TÜRKEI SUCHT SEINE FRIEDEN Drucken

Engin Erkiner: Der Krieg zwischen den türkischen Staat und die PKK dauert seit 25 Jahren und kostete bis jetzt ca. 30 Tausend Menschenleben.

In der Vergangenheit gab es zahlreiche militärische Lösungsversuche, wie große Operationen gegen die PKK-Kämpfer innerhalb und außerhalb der Türkei.

 

 

Zahlreiche kurdische Politikern und die Arbeitenden in der pro kurdische Zeitungen wurden in der Vergangenheit umgebracht. Es gab auch zahlreiche Gefängnisstrafen gegen die kurdische Politikern und Journalisten.

Alle Bemühungen des Staates den Konflikt mit der Gewalt zu lösen führte zu keinem nennenswerten Ergebnis.

 

Seit einigen Monaten hat die Regierung (Gerechtigkeit und Entwicklungspartei) eine offensive begonnen und zwar: mit radikalen Maßnahmen den Kurdenkonflikt zu lösen. Sie nannten diesem Prozess als Eröffnung sogar die Lösung.

 

In diesem Punkt steht eine wichtige Frage: Warum jetzt? Warum wollen die Regierung und Generalmaßstab nach 25 jährigen Krieg und zahlreiche Verluste jetzt eine friedliche Lösung? Was ist passiert, was hat sich geändert?

 

Zuerst einmal gibt es wichtige Änderungen in der Region. Die amerikanische Streitkräfte  führten zwei Kriegen gleichzeitig: Krieg im Afghanistan und Irak. Im Irak hat sie –mit britischen Armee- mehr Kontrolle über das Land, obwohl die Widerstand noch nicht beseitigt werden kann.
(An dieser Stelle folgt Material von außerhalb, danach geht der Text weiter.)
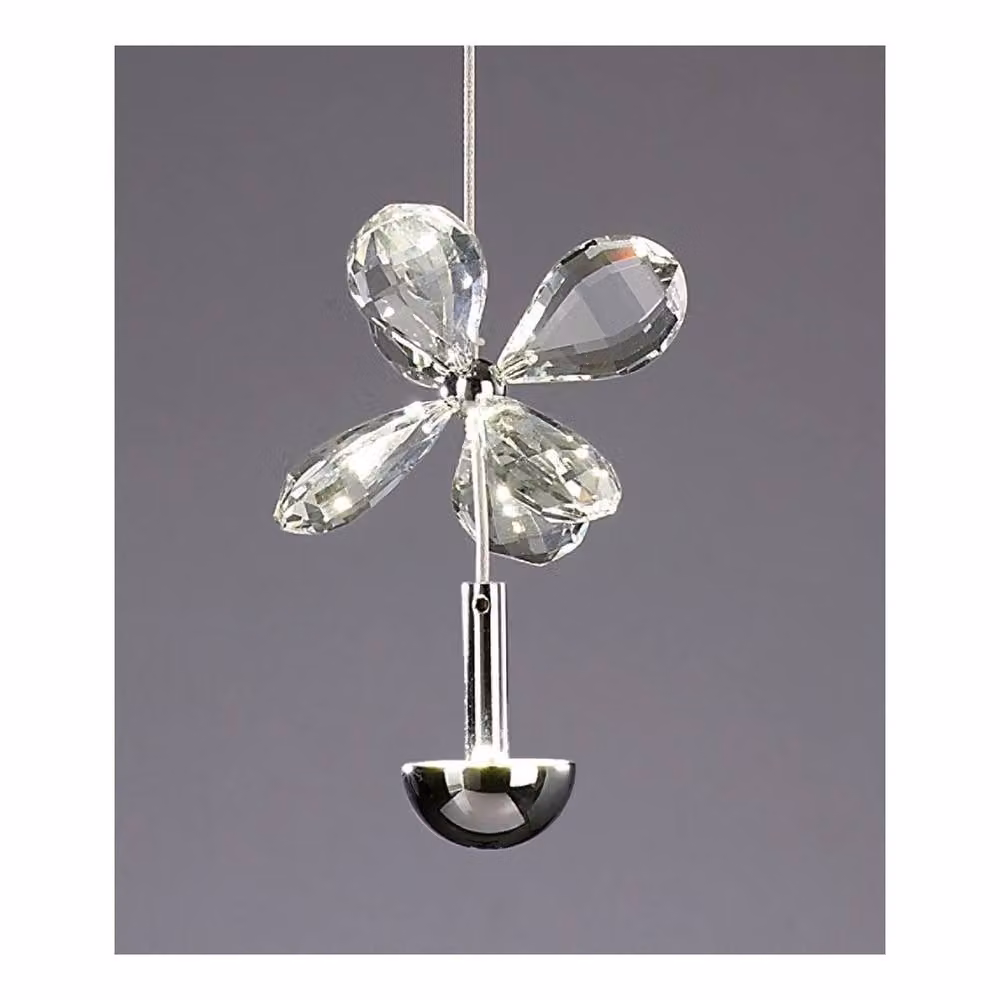 Netlighting Aviva LED Ceiling Pendant Light in Polished Chrome and Grey Crystal – 3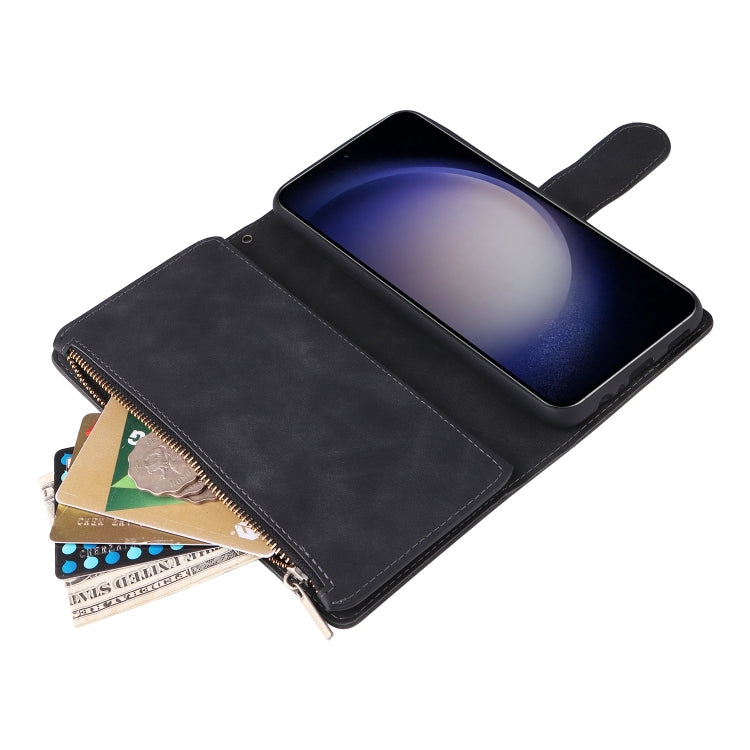 For Samsung Galaxy S25 5G Multifunctional Frosted Zipper Wallet Leather Phone Case(Black) - Galaxy S25 5G Cases by PMC Jewellery | Online Shopping South Africa | PMC Jewellery | Buy Now Pay Later Mobicred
Im Afghanistan ist der militärische Erfolg noch nicht in der Sicht. Nicht nur Amerikaner, sondern auch viele Nato-Ländern –inklusive die Türkei- verlieren zusammen den Krieg. Einige Generale aus der amerikanischen und britischen Armee sagten schon in der Öffentlichkeit diese bittere Wahrheit: Wenn es so weiter geht, werden wir den Krieg verlieren.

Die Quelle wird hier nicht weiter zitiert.